__YOUR INSTRUCTIONS__: Restate all the entries exactly as they appear, apart from the pictures.

(Short web captions)

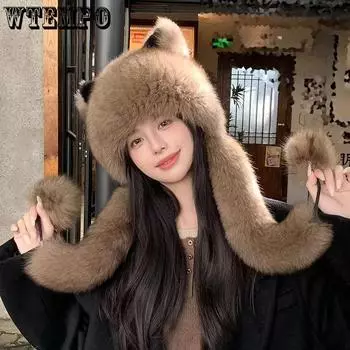 WTEMPO Solid Color Cute Ear Hats Plush Faux Fox Fur Ear Protector Scarf Hats Thick Winter Warm Soft Versatile Casual Hats One Size белый
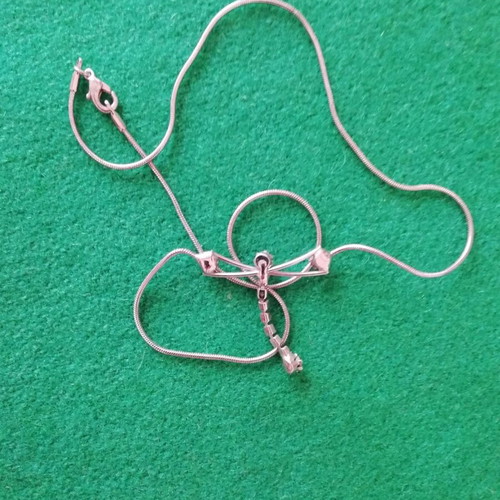 Steel dragonfly necklace silver color with clear zircon new
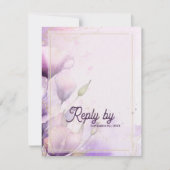 Romantic Lavender Gold Floral Wedding Reply By RSVP Kaartje (Voorkant)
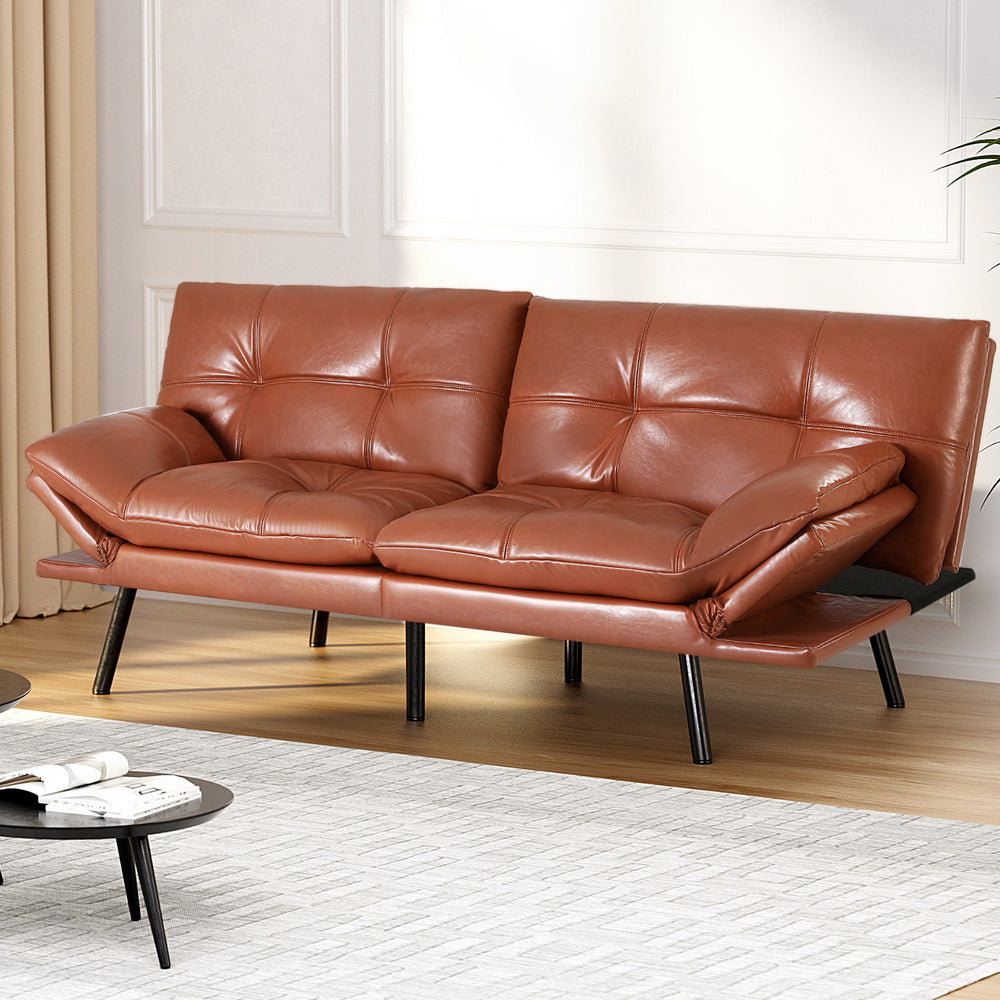 Artiss Sofa Bed Convertible 3 Seater Couch Recliner Lounge Chair Leather Brown 7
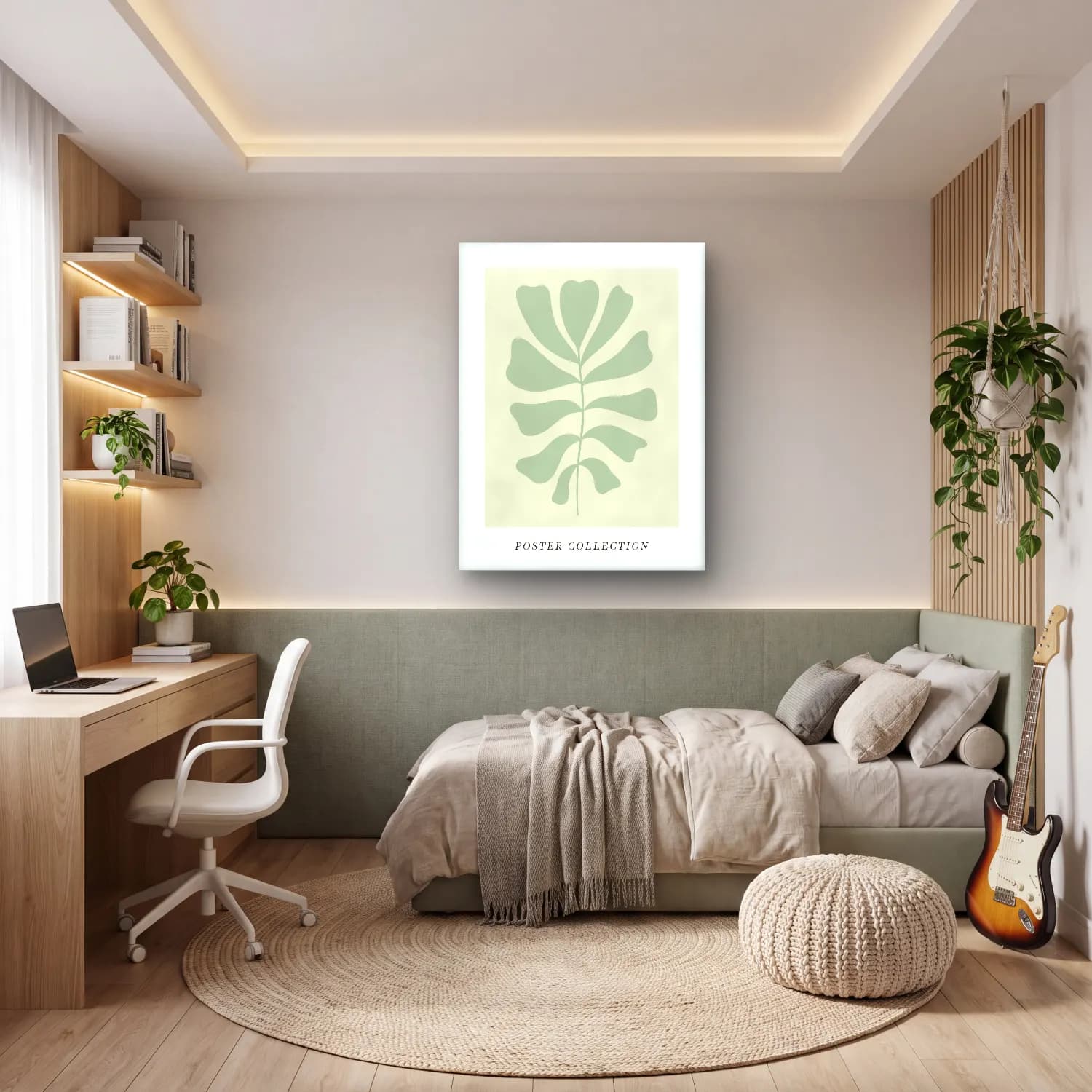 Boho Monstera Yaprağı No. 2 cam tablo — genç odasında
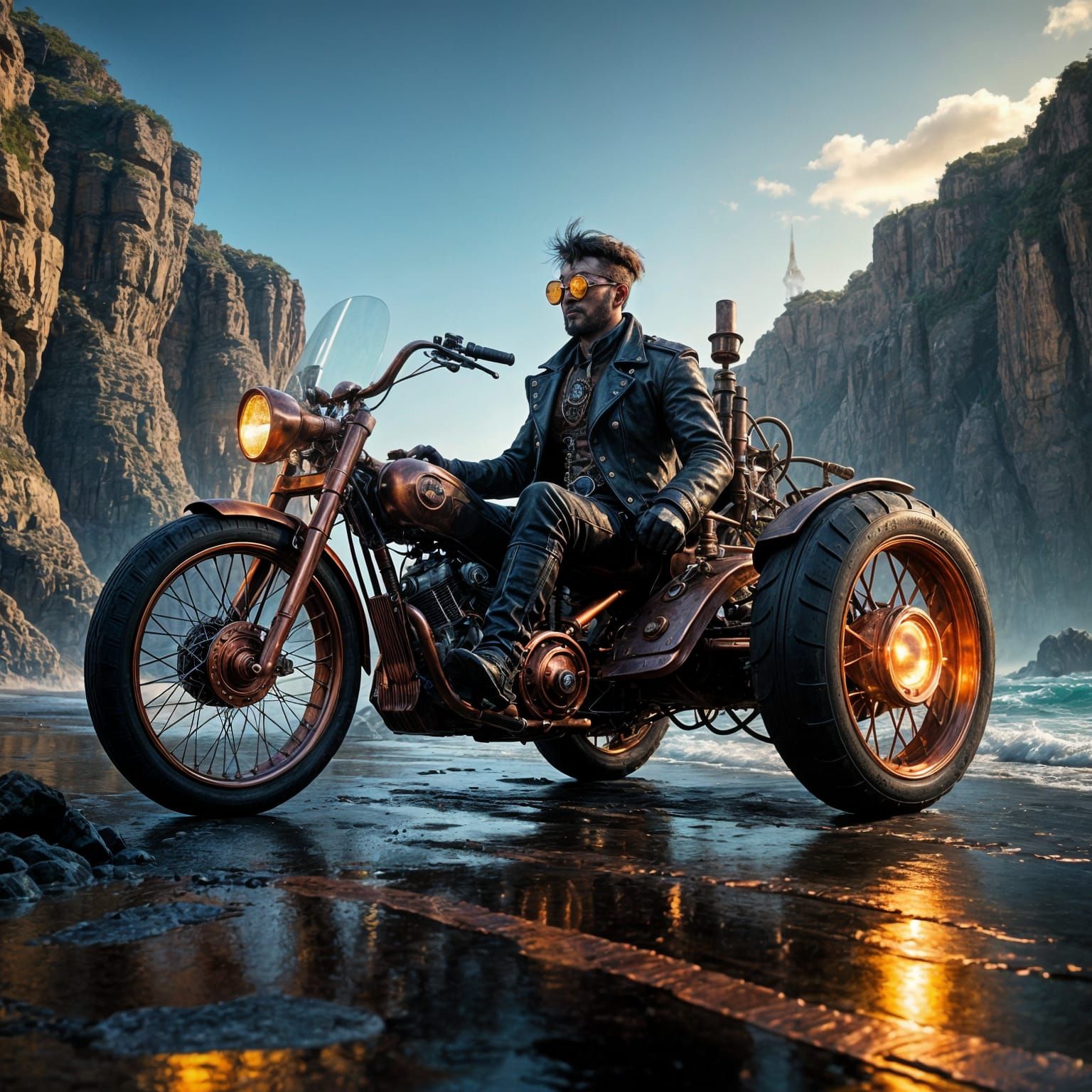 Copper Steampunk Trike on Coastal Road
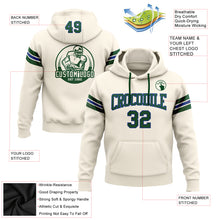 Load image into Gallery viewer, Custom Stitched Cream Green-Royal Football Pullover Sweatshirt Hoodie
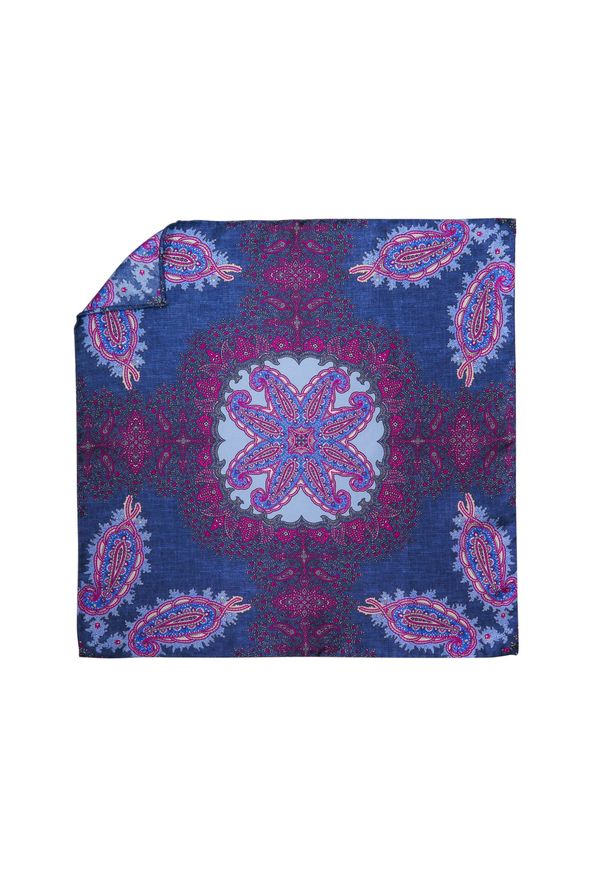 Adam Collection - Niebiesko-fioletowa jedwabna poszetka - orientalny wzór EJ18. Kolor: niebieski, wielokolorowy, fioletowy. Materiał: jedwab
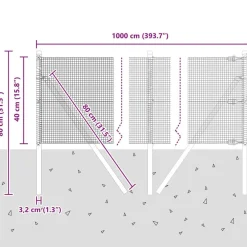 vidaXL Vallas De Jardín-Poste de Valla 10 x 0,4 m (malla de 12 x 12 mm)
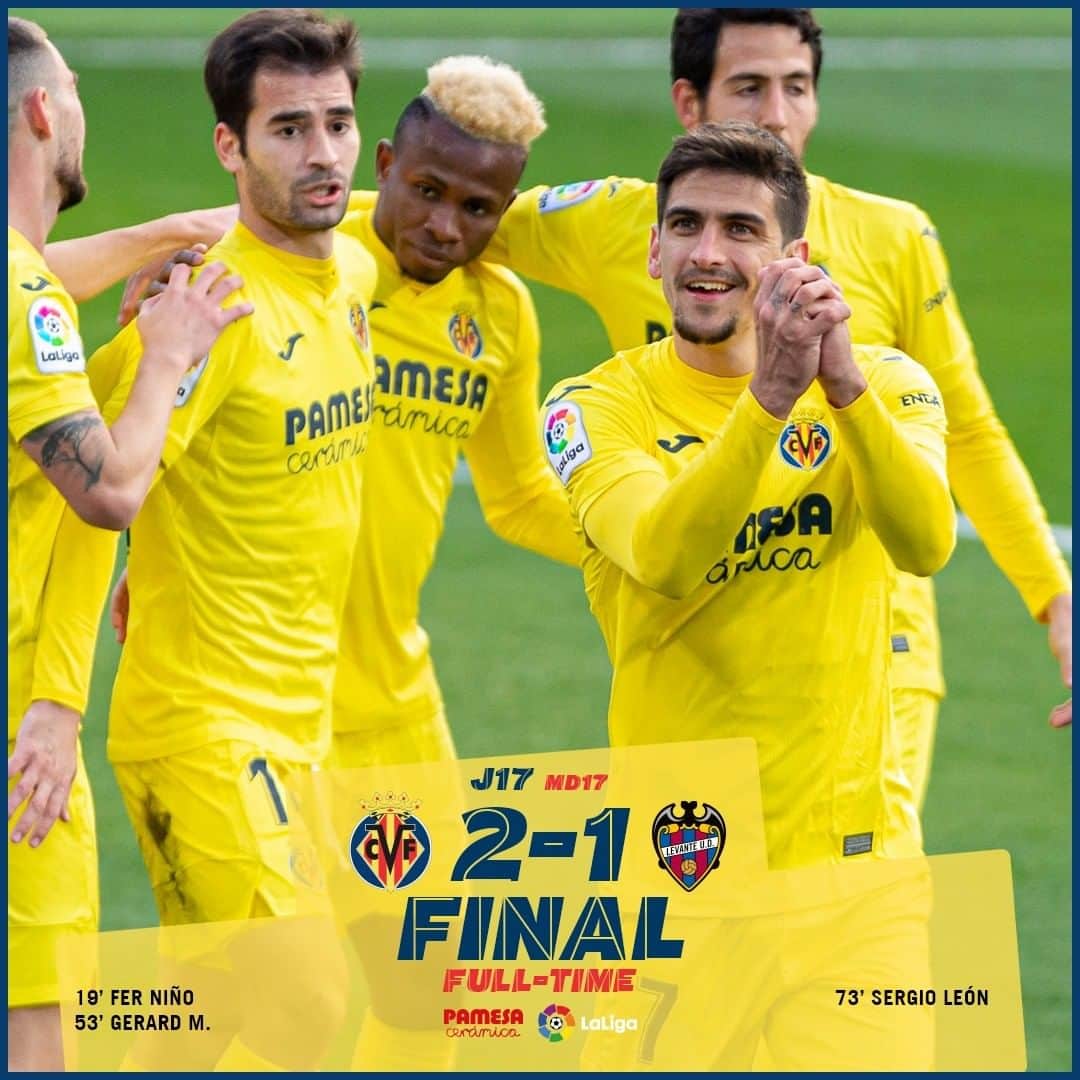 ビジャレアルCFのインスタグラム：「¡Y FINAL! ¡Final en La Cerámica y ➕3️⃣ para el Submarino (2-1)! ¡El #Villarreal, con esfuerzo y mucho trabajo, suma un nuevo triunfo con tantos de @ferni_9 y @gerard_moreno! . ¡💛VAAAAAAAAMOOOOOOS💛! . FULL-TIME at La Cerámica and ➕3️⃣ for the Submarine! (2-1). #Villarreal worked hard to pick up another win with goals by @ferni_9 and @gerard_moreno!  COME ONNNNN! 💛 .  #futbol #football #soccer #LaLiga」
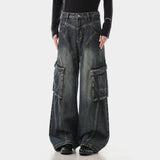 Trendy Deconstructed Wide Leg Cargo Jeans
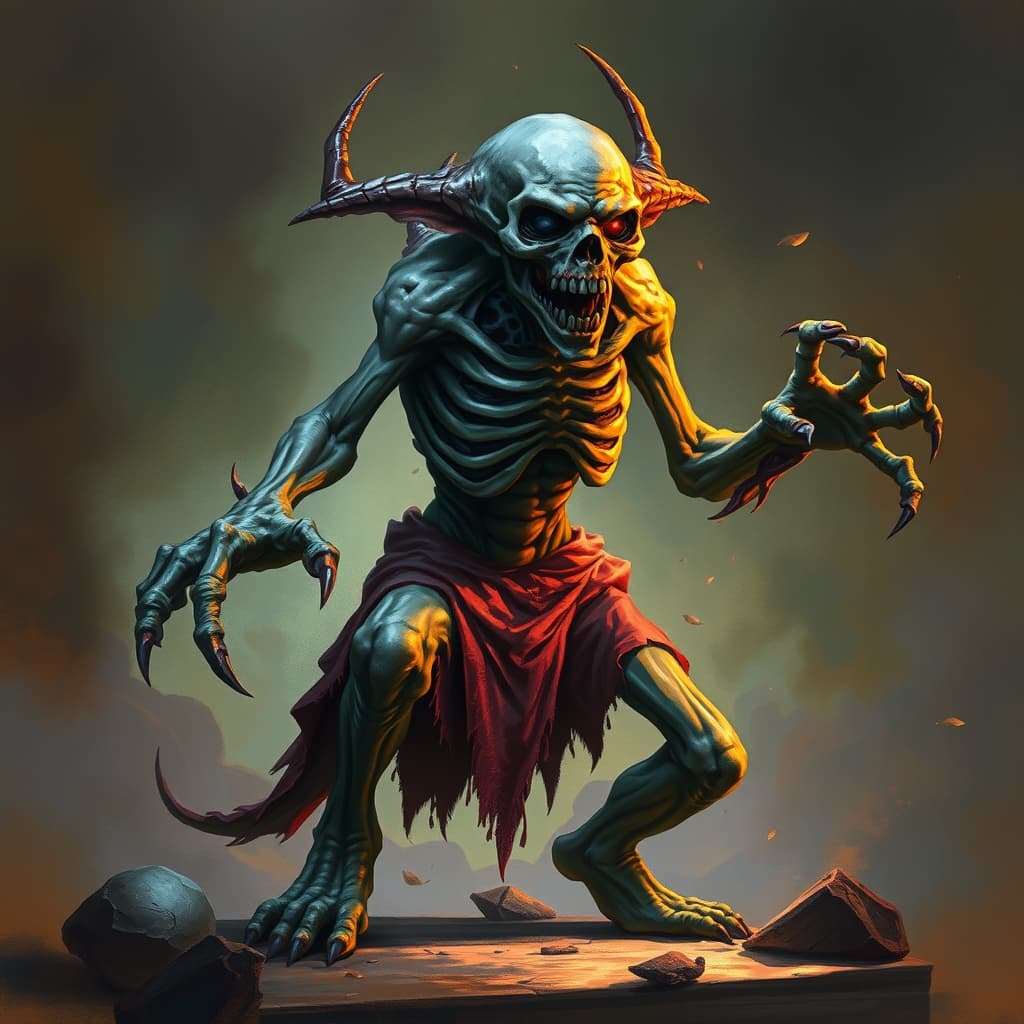 Zombie — fantasy monster illustration. Zombie is a medium undead (Challenge Rating 1/4).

__SOLVED EXERCISE__:
 WTEMPO Solid Color Cute Ear Hats Plush Faux Fox Fur Ear Protector Scarf Hats Thick Winter Warm Soft Versatile Casual Hats One Size белый
 Steel dragonfly necklace silver color with clear zircon new
 Romantic Lavender Gold Floral Wedding Reply By RSVP Kaartje (Voorkant)
 Artiss Sofa Bed Convertible 3 Seater Couch Recliner Lounge Chair Leather Brown 7
 Boho Monstera Yaprağı No. 2 cam tablo — genç odasında
 Copper Steampunk Trike on Coastal Road
 Load image into Gallery viewer, Custom Stitched Cream Green-Royal Football Pullover Sweatshirt Hoodie
 Adam Collection - Niebiesko-fioletowa jedwabna poszetka - orientalny wzór EJ18. Kolor: niebieski, wielokolorowy, fioletowy. Materiał: jedwab
 vidaXL Vallas De Jardín-Poste de Valla 10 x 0,4 m (malla de 12 x 12 mm)
 ビジャレアルCFのインスタグラム：「¡Y FINAL! ¡Final en La Cerámica y ➕3️⃣ para el Submarino (2-1)! ¡El #Villarreal, con esfuerzo y mucho trabajo, suma un nuevo triunfo con tantos de @ferni_9 y @gerard_moreno! . ¡💛VAAAAAAAAMOOOOOOS💛! . FULL-TIME at La Cerámica and ➕3️⃣ for the Submarine! (2-1). #Villarreal worked hard to pick up another win with goals by @ferni_9 and @gerard_moreno!  COME ONNNNN! 💛 .  #futbol #football #soccer #LaLiga」
 Trendy Deconstructed Wide Leg Cargo Jeans
 Zombie — fantasy monster illustration. Zombie is a medium undead (Challenge Rating 1/4).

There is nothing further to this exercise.